(Captioned web image data)
*-*-*

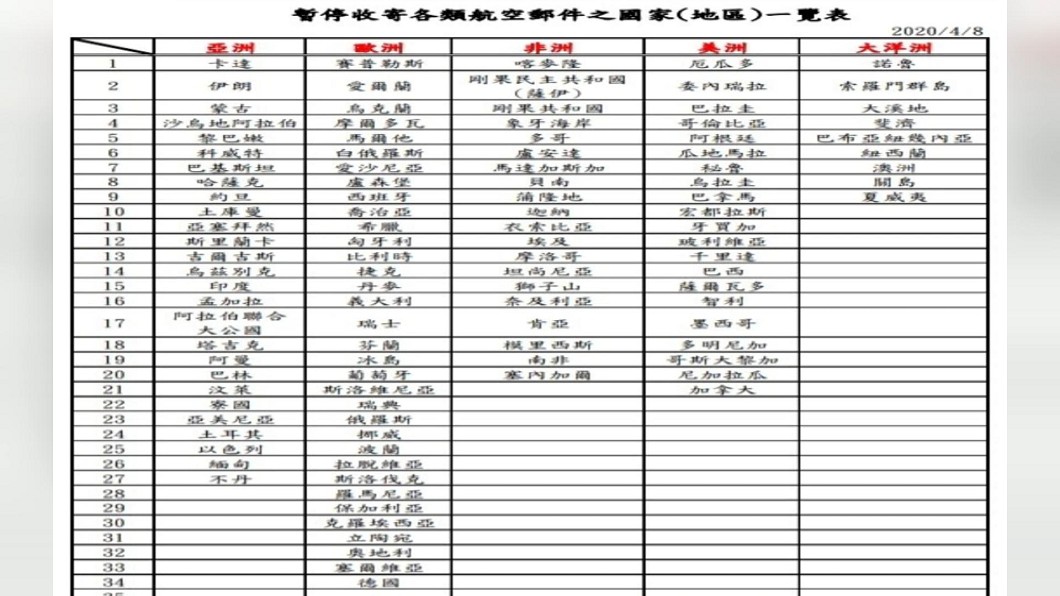 圖／翻攝自中華郵政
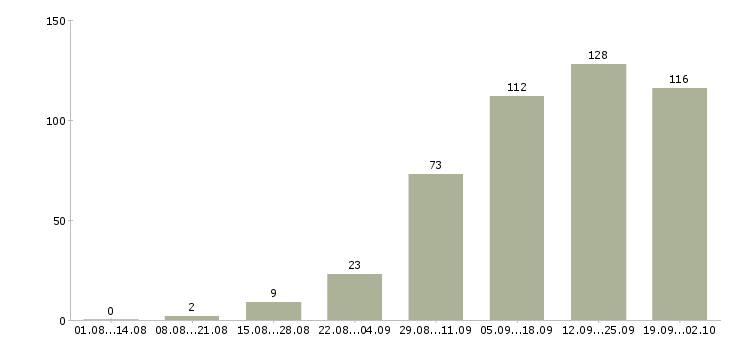 Работа официальный доход в Самаре - Число вакансий в Самаре по специальности официальный доход за 2 месяца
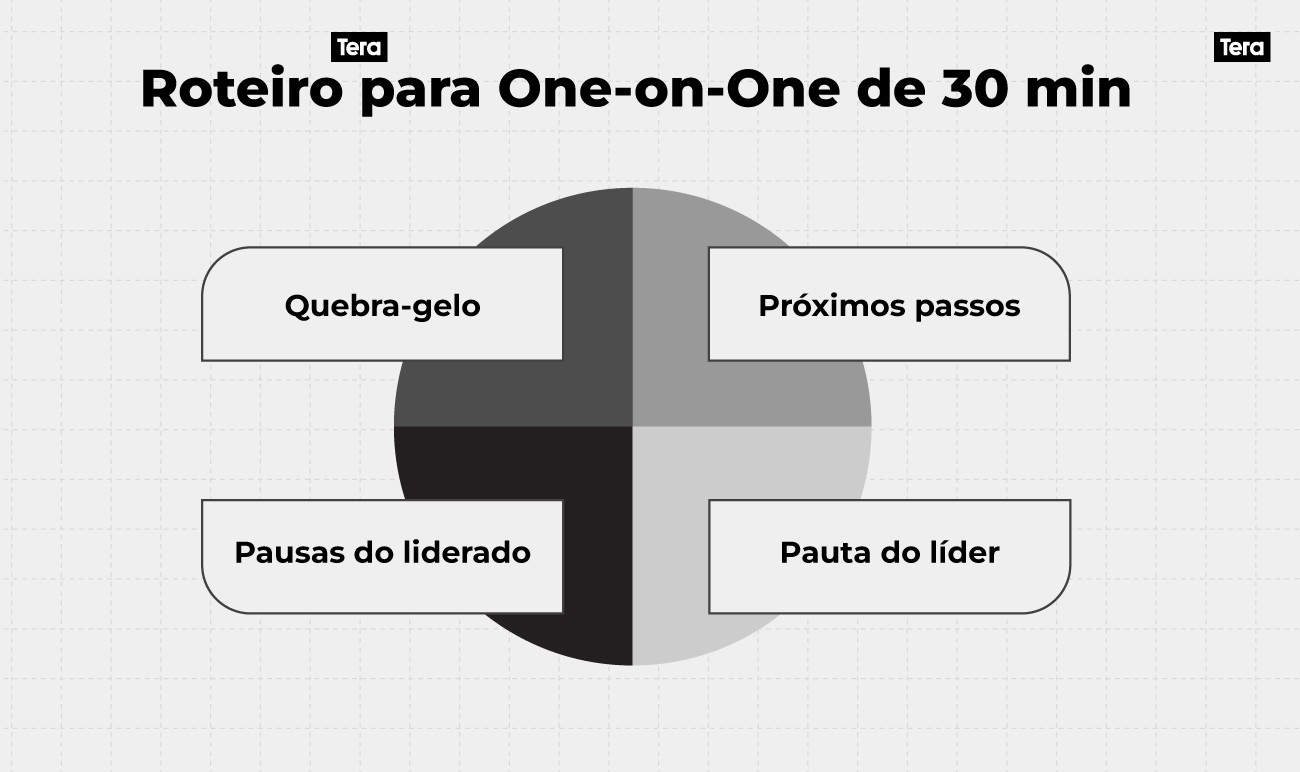roteiro_one_on_one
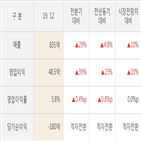 아이콘트롤스,실적,영업이익,매출액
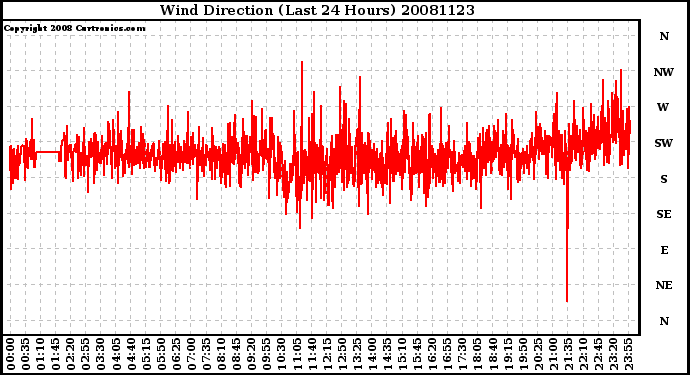 Milwaukee Weather Wind Direction (Last 24 Hours)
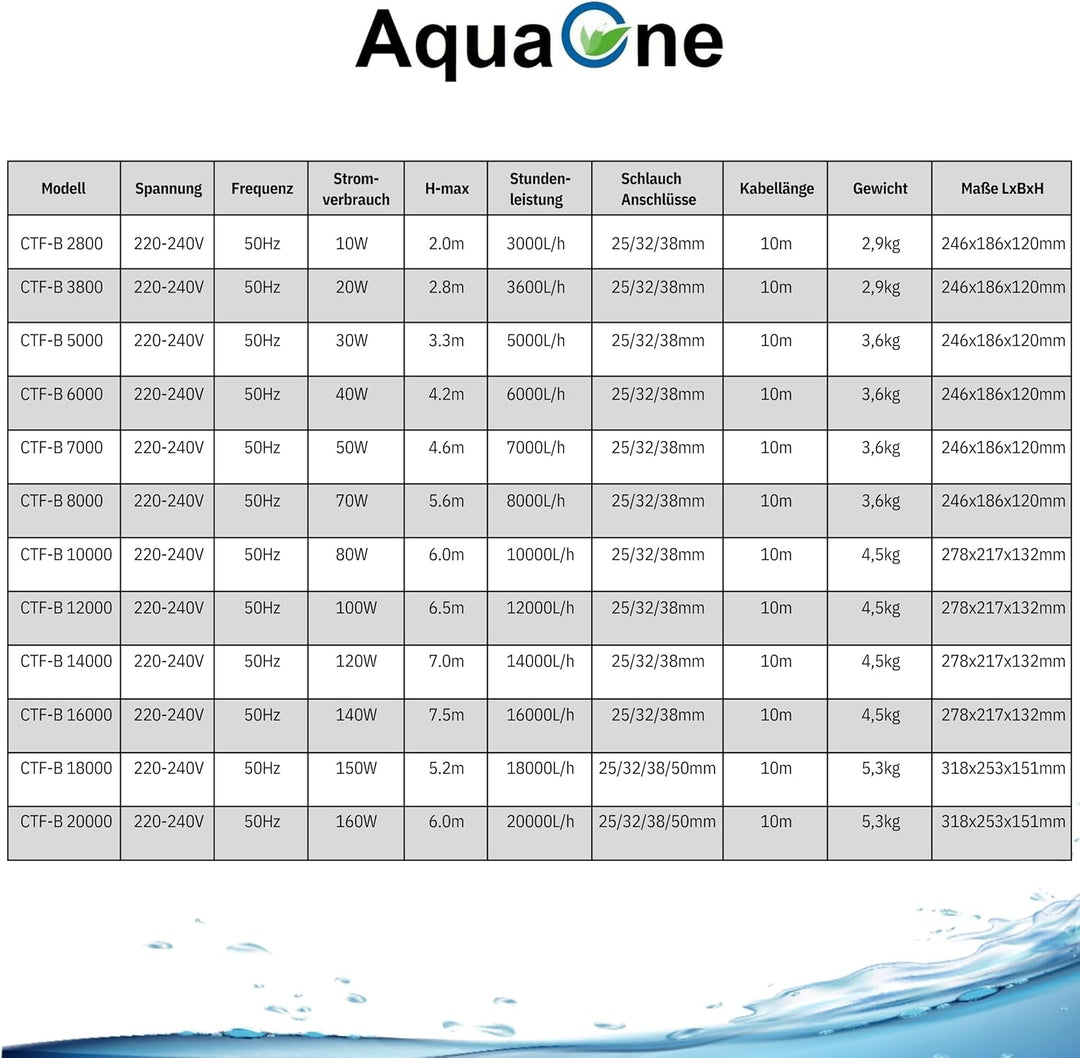 AquaOne Eco Teichpumpe CTF-B 6000 40 Watt 6000l /h I Hochwertige Teichpumpe mit Filter I Spezielle P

*-*-*

- HOW TO COMPLETE THIS TASK -
Only the pictures are to be left out, and all of the data must otherwise be transcribed exactly.

- COMPLETED EXERCISE -
 圖／翻攝自中華郵政
 Работа официальный доход в Самаре - Число вакансий в Самаре по специальности официальный доход за 2 месяца
roteiro_one_on_one
 아이콘트롤스,실적,영업이익,매출액
 Milwaukee Weather Wind Direction (Last 24 Hours)
 AquaOne Eco Teichpumpe CTF-B 6000 40 Watt 6000l /h I Hochwertige Teichpumpe mit Filter I Spezielle P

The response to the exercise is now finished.